### Task to carry out
Lines from the one with "Cartoon Stainless Steel Tableware Dinner Set Cartoon" up to and including the one with "Libra Zodiac Sign T-Shirt - Black Cotton Tee" are to be copied exactly from the records below, without their pictures.

### Exercise data
== Segment start ==

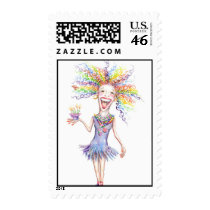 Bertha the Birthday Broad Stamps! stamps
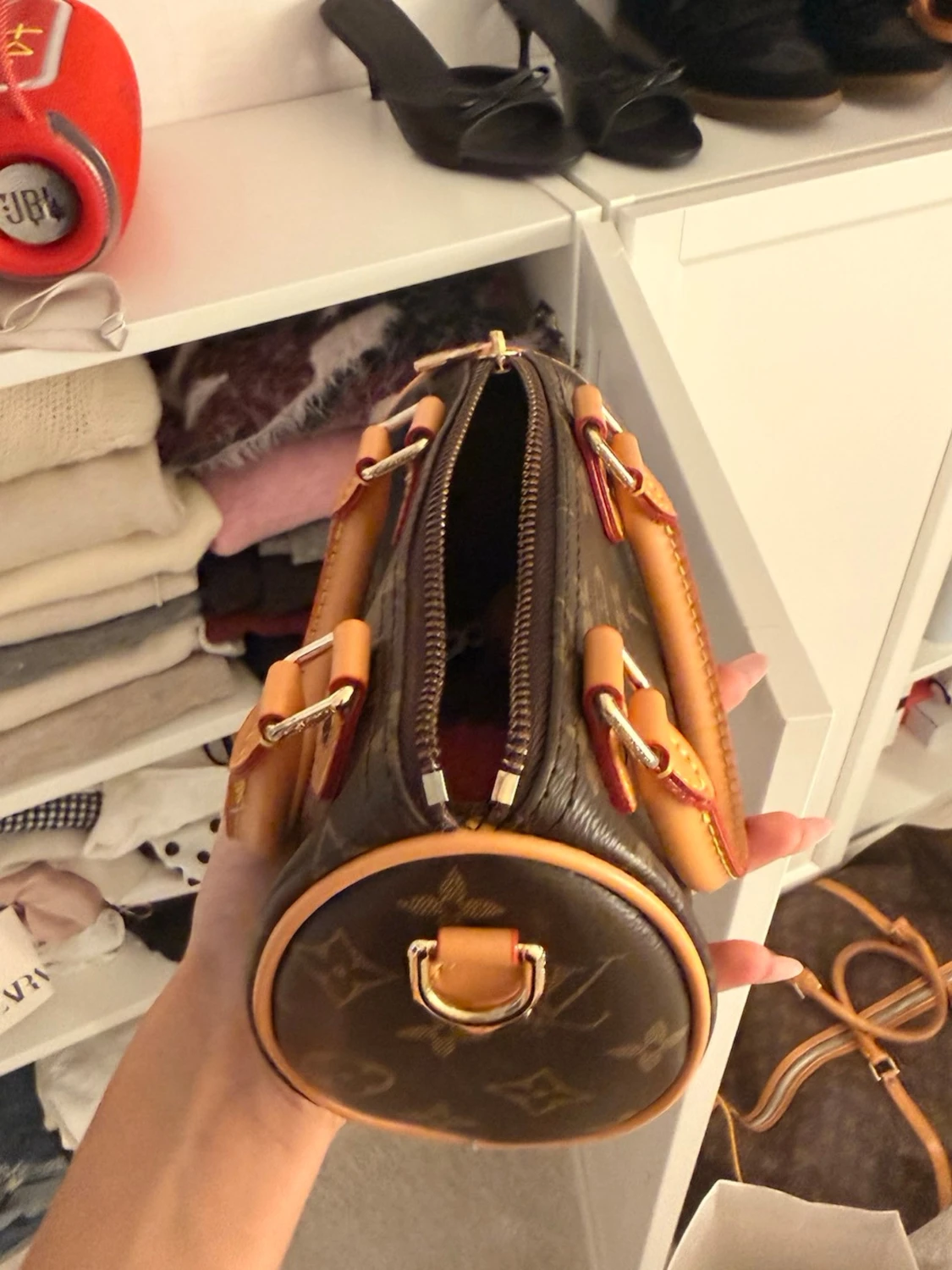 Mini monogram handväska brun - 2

== Segment end ==
== Segment start ==

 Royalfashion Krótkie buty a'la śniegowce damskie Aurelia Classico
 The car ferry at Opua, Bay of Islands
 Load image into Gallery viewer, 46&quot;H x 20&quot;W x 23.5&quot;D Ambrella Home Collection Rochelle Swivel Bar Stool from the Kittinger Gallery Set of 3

== Segment end ==
== Segment start ==

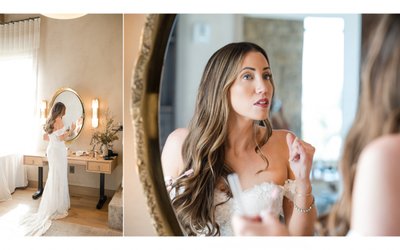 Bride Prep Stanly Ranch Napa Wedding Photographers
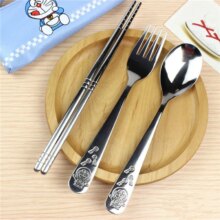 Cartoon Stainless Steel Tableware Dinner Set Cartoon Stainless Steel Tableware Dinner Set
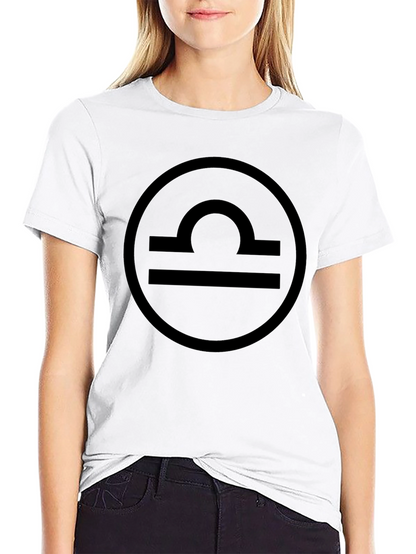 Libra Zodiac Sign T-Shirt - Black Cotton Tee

== Segment end ==

### Task output
 Cartoon Stainless Steel Tableware Dinner Set Cartoon Stainless Steel Tableware Dinner Set
 Libra Zodiac Sign T-Shirt - Black Cotton Tee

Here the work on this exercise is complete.